Preschool teachers Tawnya Boatwright and Kim Clark said it would be weird coming back to work April 26 after spring break and not seeing Zwak.

“She started it. It’s been her baby. She loves it,” Boatwright said. “I still can’t believe she’s leaving.”

Like so many at the dinner, Boatwright and Clark said they’re going to miss Zwak.

“She’s been our friend, not just our boss,” Clark said. “It’s been nice having both, not drawing that line.”

Some of Zwak’s former students said she was a cool teacher. They said she could be fun, but strict. They said she was loving. Some of her younger students said they would visit her at Fuzziwig’s.

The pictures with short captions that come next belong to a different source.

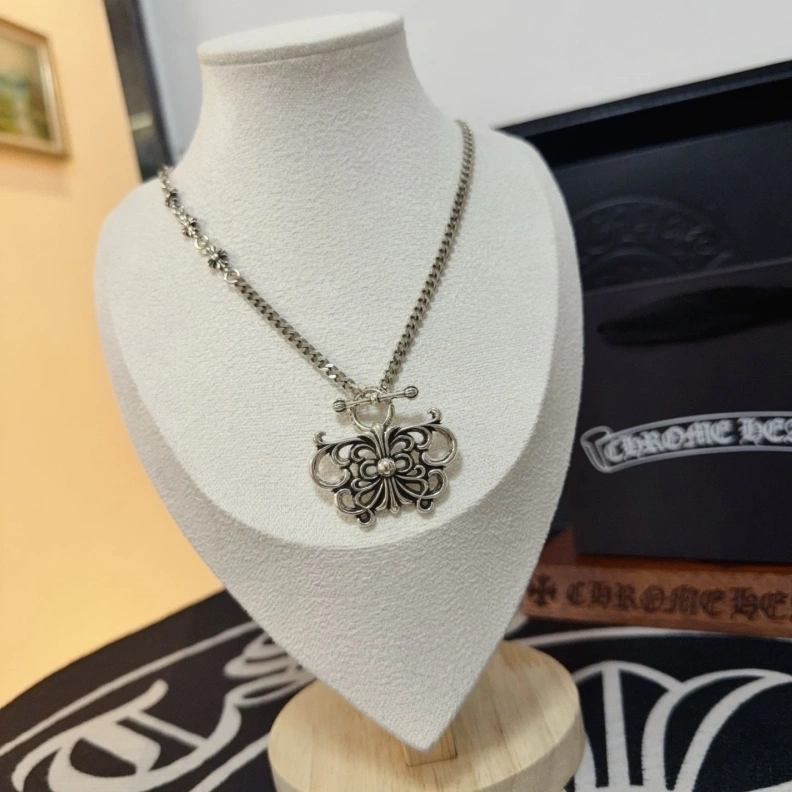 Chrxmx Hxxrts Necklaces Vibrant 296835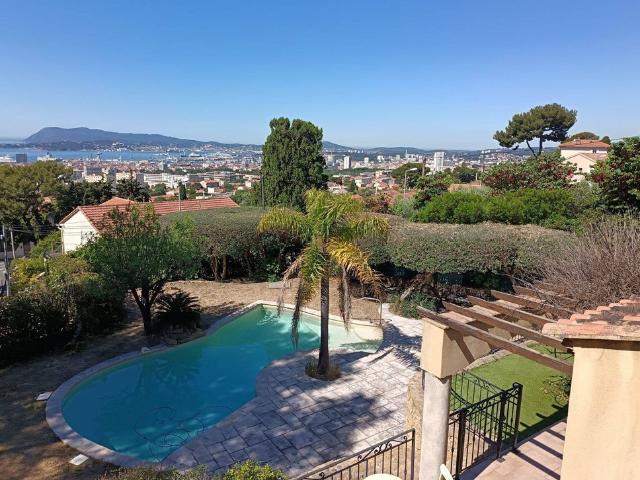 Maison location à Arrondissement de Toulon, Toulon
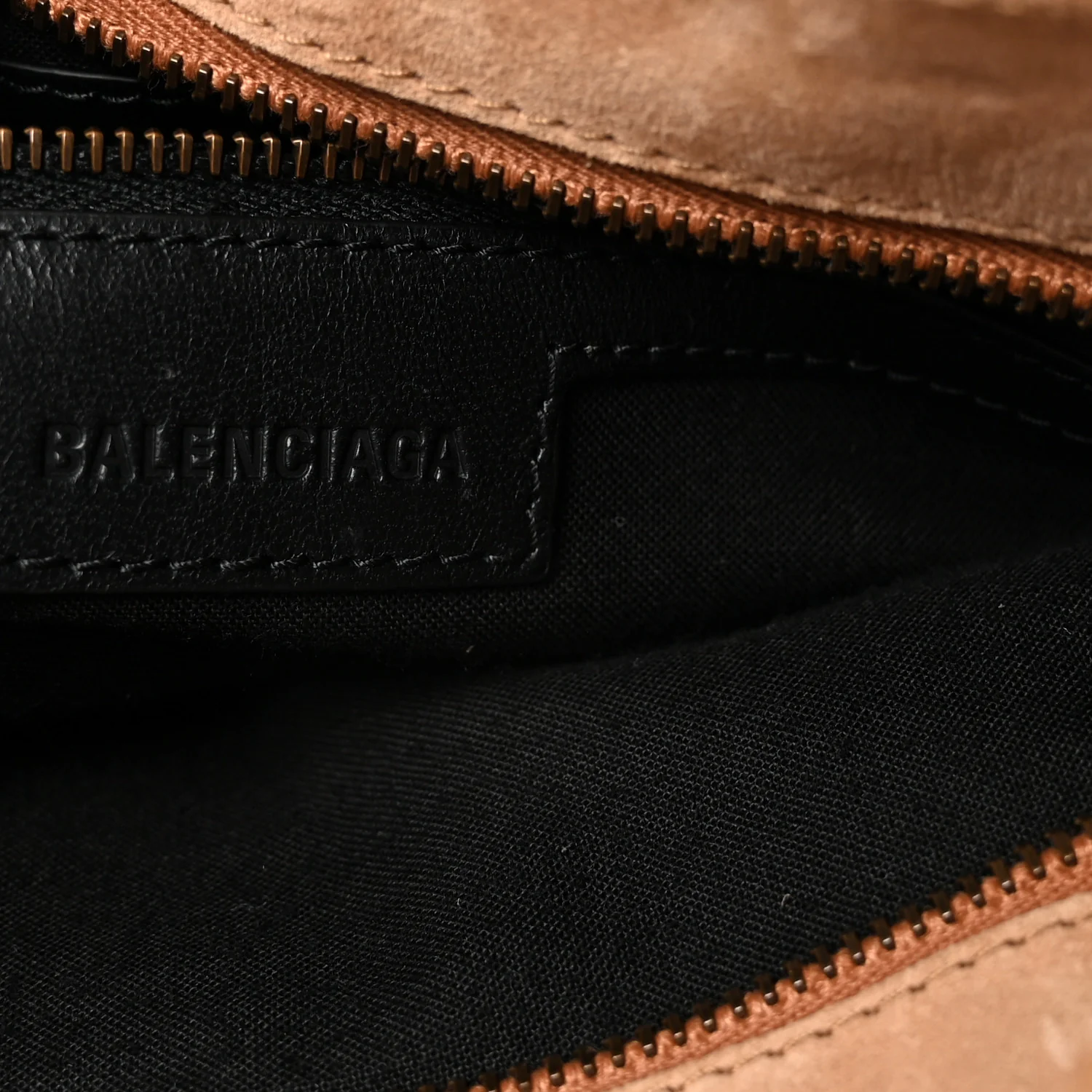 Suede Calfskin Classic Hardware Medium Le City Camel - Image 6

Zwak and her husband, Shawn, have three children, Hannah, 17, Sam, 15, and Ellie, 11. Zwak said her decision to leave was based on several factors. She previously worked for Fuzziwig’s owners Don and Patricia Grueser, at Rocky Mountain Chocolate Factory. The store later became Fuzziwig’s.

If it hadn’t been for the opportunity to again work for the Gruesers, to stay in Steamboat and the timing, Zwak said she never would have quit teaching.

Before becoming the director of Heritage Park, Zwak worked during various times at Christian Heritage, teaching art and afternoon kindergarten classes. She said a former preschool student who struggled, but is now doing well in second grade, thanked her Thursday for being such a great teacher.

“That’s worth the whole 20 years I’ve been in early childhood (education), right there,” she said.

Comments

johiltongabeler 4 years, 6 months ago

Audrey, the education community in Steamboat will miss your professional involvement . PLEASE continue to stay involved as a parent and community member!